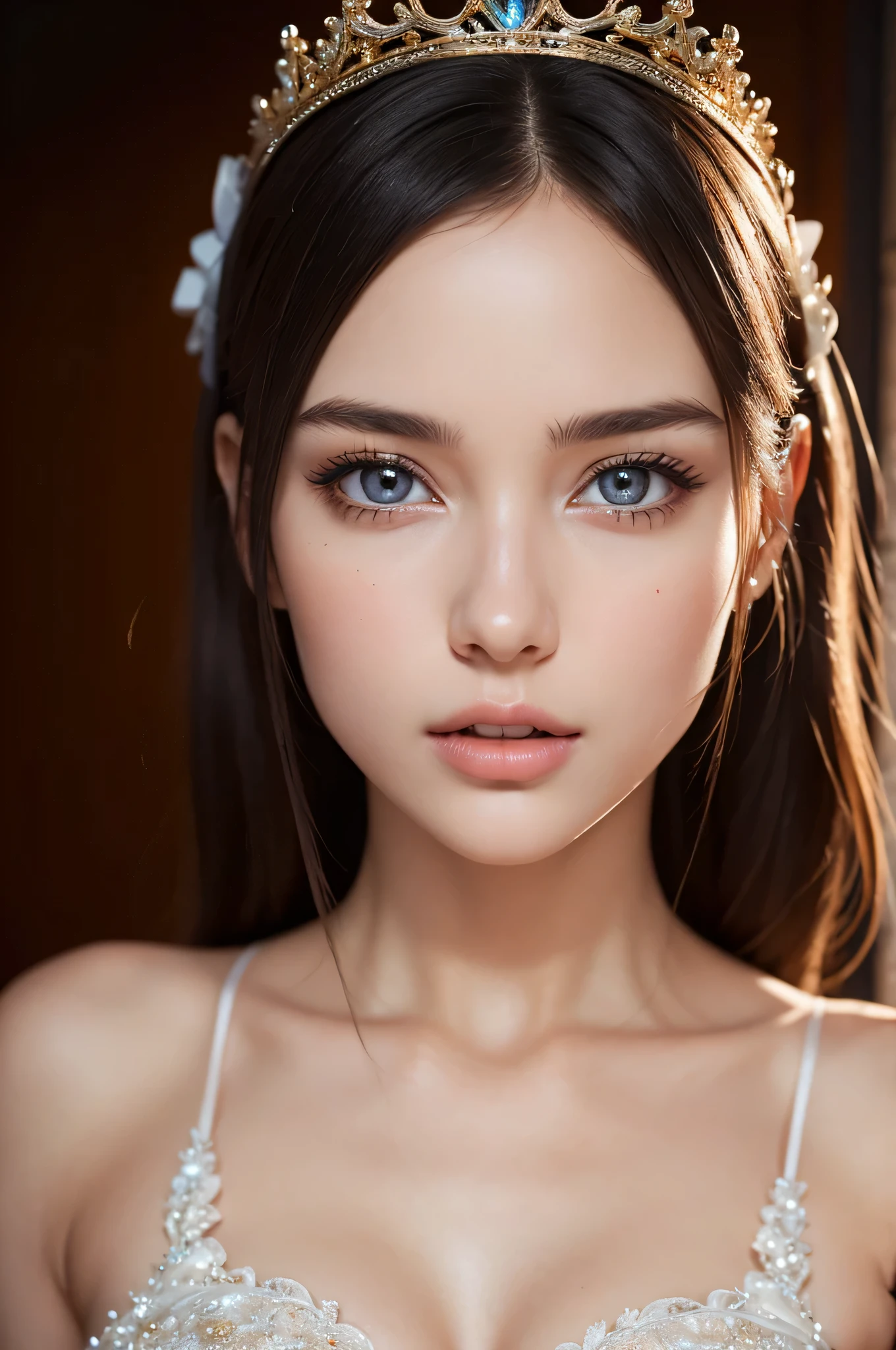 (1beautiful girl), (Beautiful girl in a princess dress:1.5), Amazing face and eyes, (extremely detailed beautiful face), (The sexiest look), (Beautiful big breasts:1.2), (Best Quality:1.4), (Ultra-detailed), (extremely detailed CG unified 8k wallpaper), Highly detailed, RAW Photos, Professional Photography, a scene from a movie,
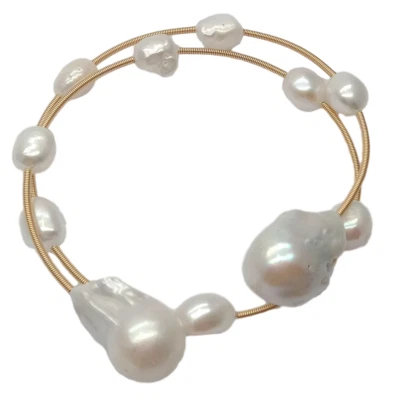 Pulsera ajustable blanca barroca perla de agua dulce perla Keshi Foto 1 de 4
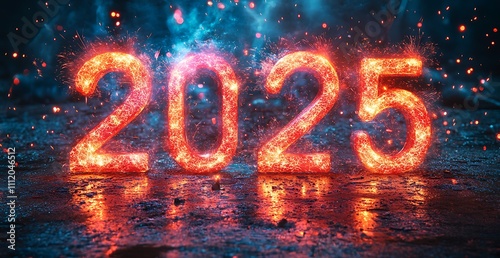 Happy New Year 2025 a number with flames and smoke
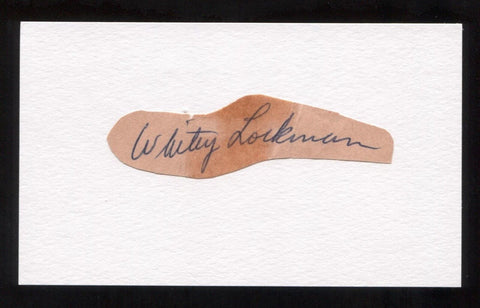 Whitey Lockman Signed Cut Autographed Index Card Circa 1962 Baseball Signature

• **Work instructions**:
Would you repeat each line of the listing exactly, skipping any picture?

• **Your response**:
 (1beautiful girl), (Beautiful girl in a princess dress:1.5), Amazing face and eyes, (extremely detailed beautiful face), (The sexiest look), (Beautiful big breasts:1.2), (Best Quality:1.4), (Ultra-detailed), (extremely detailed CG unified 8k wallpaper), Highly detailed, RAW Photos, Professional Photography, a scene from a movie,
 Pulsera ajustable blanca barroca perla de agua dulce perla Keshi Foto 1 de 4
 Happy New Year 2025 a number with flames and smoke
 Whitey Lockman Signed Cut Autographed Index Card Circa 1962 Baseball Signature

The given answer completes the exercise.